* [Directions]
The line containing "HUAERLSP Beautiful Decorative" and every line after it, through the end of the material: copy these exactly and nothing else, leaving pictures out.

* [Supplied data]
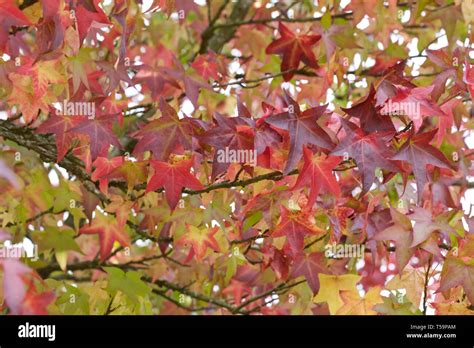 Liquidambar Styraciflua Autumn Hi Res Stock Photography And Images Alamy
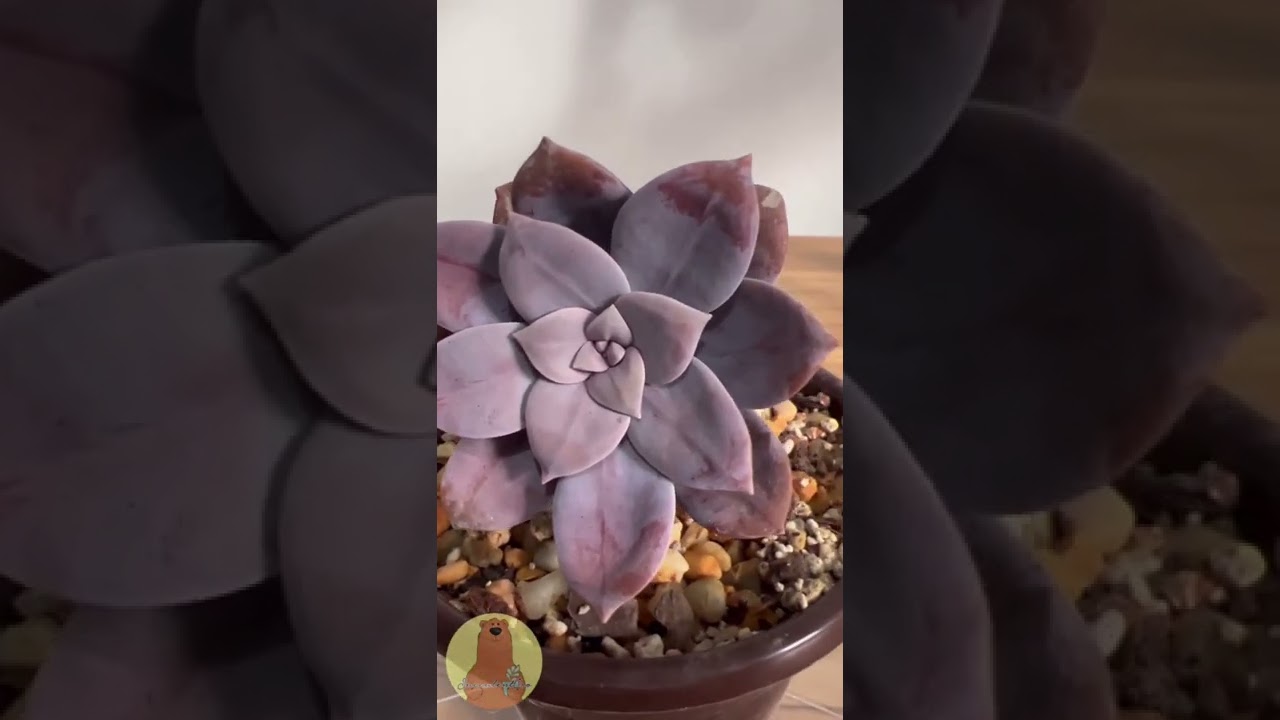 Graptopetalum Superbum #Shorts #Short #Suculentas #Suculenta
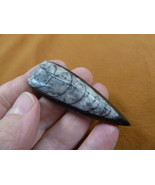(f370-2) 2&quot; Orthoceras marbleized fossil straight shell nautiloid cephal... - $12.19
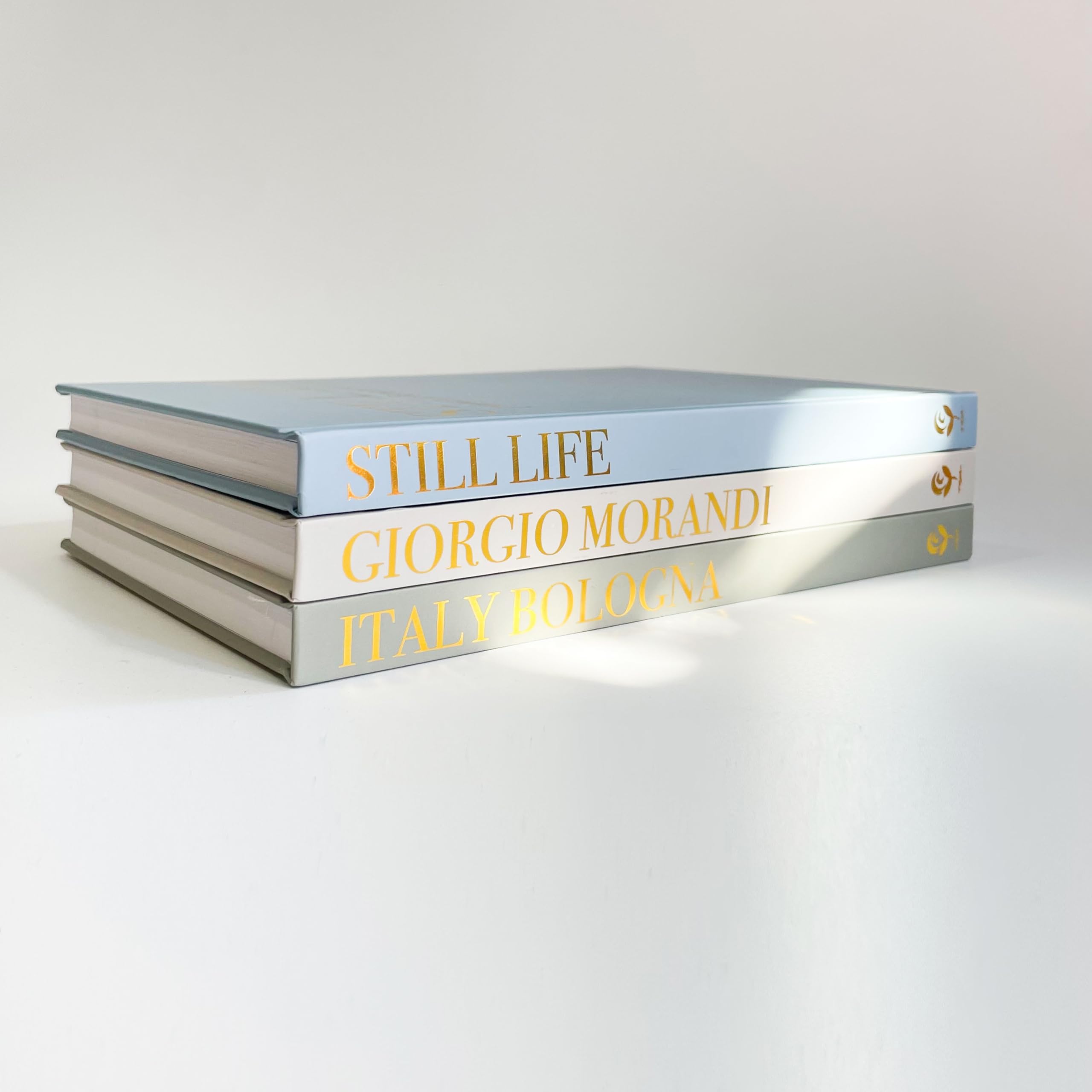HUAERLSP Beautiful Decorative Books - Set of 3 to Enhance Your Bookshelf, Coffe Table or Mantle Decor - Stylish Fake/Faux Books for Modern Home Decoration.Coastal、Beach House Decor.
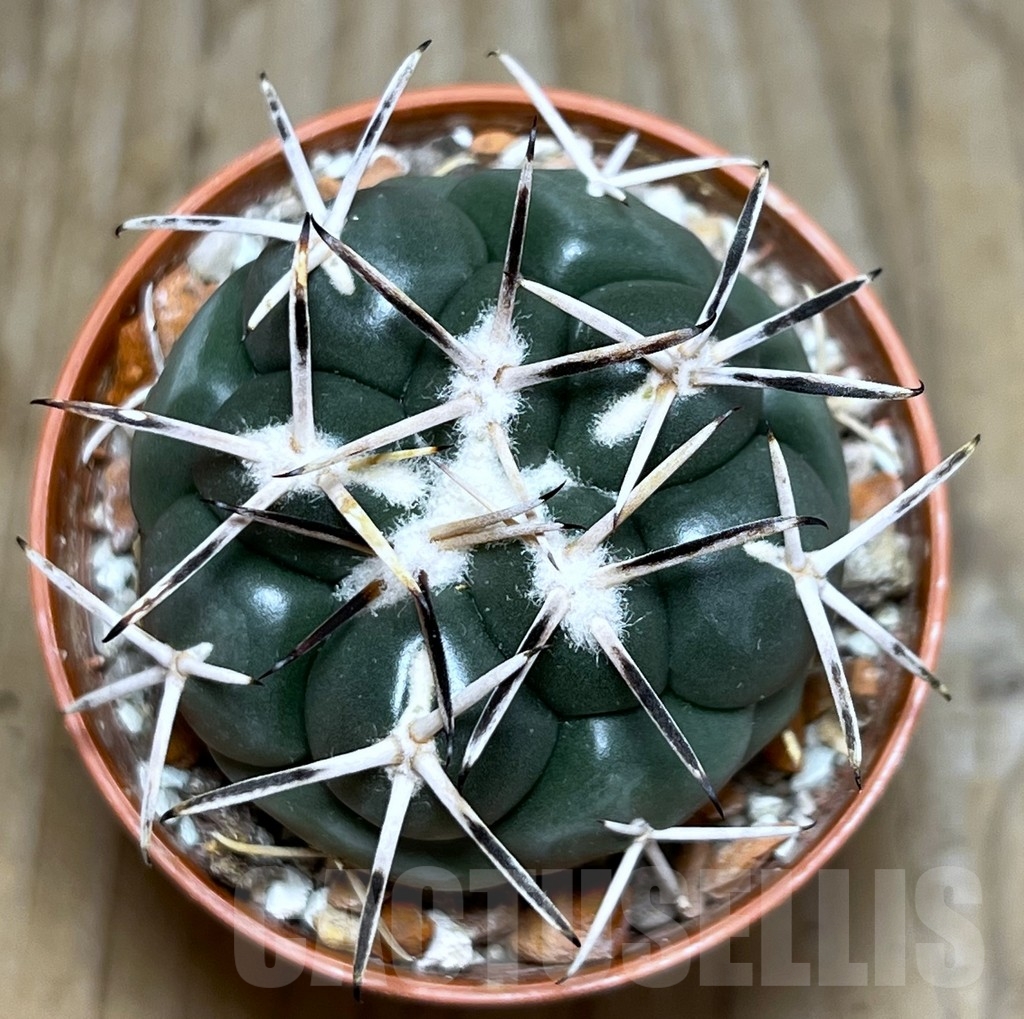 SHPR19067 Coryphantha poselgeriana, Escalon - Image 2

* [Finished exercise]
HUAERLSP Beautiful Decorative Books - Set of 3 to Enhance Your Bookshelf, Coffe Table or Mantle Decor - Stylish Fake/Faux Books for Modern Home Decoration.Coastal、Beach House Decor.
 SHPR19067 Coryphantha poselgeriana, Escalon - Image 2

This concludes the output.